Enterprise resource planning (ERP) and customer relationship management (CRM) are organizational strategies used to increase the overall efficiency and profitability of a business. Although the systems can overlap and be integrated, their main functions differ.

Enterprise Resource Planning

Enterprise resource planning is a system for improving efficiency in business processes. Employees, managers and executives input information into the ERP system, allowing the rapid and widespread sharing of timely and standardized knowledge. This creates an accurate, real-time, enterprise-wide picture of company performance. With equal access to necessary data, departments can begin planning for issues before they become a problem.

The focus on data integrates all aspects of an operation, including research and development, sales, marketing, product planning, manufacturing, supply chain management and pricing. Incorporating ERP software can reduce the duplication of tasks, boost financial data accuracy, improve project planning and decrease purchasing costs. ERP software solutions also can increase interdepartmental communication by facilitating the dissemination of information and data.
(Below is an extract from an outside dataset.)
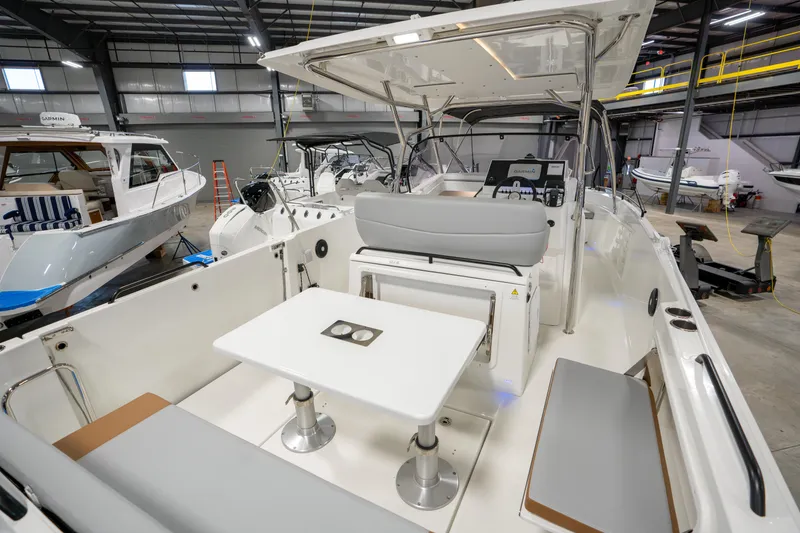 Slide: The Image of 2025 Beneteau Flyer 9 SPACEdeck interior with seating and table in a showroom. - 12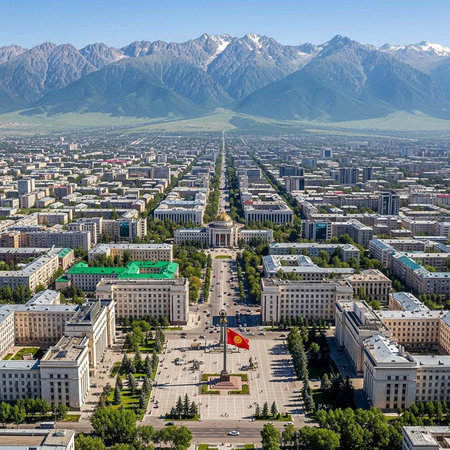 Aerial view of a city with a large square and mountains in the backgroundの写真素材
Customer Relationship Management

Like ERP, customer relationship management is a system for recording and storing information. However, while ERP is business-focused, CRM is a methodology to guide a business’ communications with its customers. The goal of CRM is to create a source of customer-centric data by capturing all such interactions in order to increase sales, enhance customer service, acquire new clients, increase brand loyalty and improve customer retention.

CRM software can be used to automate customer service functions, track customer interactions, create data reports, organize marketing plans, manage the sales pipeline, prioritize and manage leads, share customer profiles and streamline sales processes. Much like enterprise resource planning, CRM is designed to create a comprehensive and transparent picture of individual departments and a business as a whole.

Integrating ERP and CRM

Although ERP and CRM have distinct functions, they can be used in conjunction to increase a company’s efficiency and boost its revenue. Integrating ERP and CRM may be appropriate depending on a company’s size and complexity. A business’ particular needs also will be a determining factor in choosing which system is the first to be implemented. For example, a firm may decide to implement a CRM system initially in order to standardize processes. An enterprise resource planning system may then be introduced with the goal of optimizing those processes.

The data provided by each of these distinct methodologies can lead to improved decision-making and communication at all levels of a business, potentially leading to lower costs and higher revenues.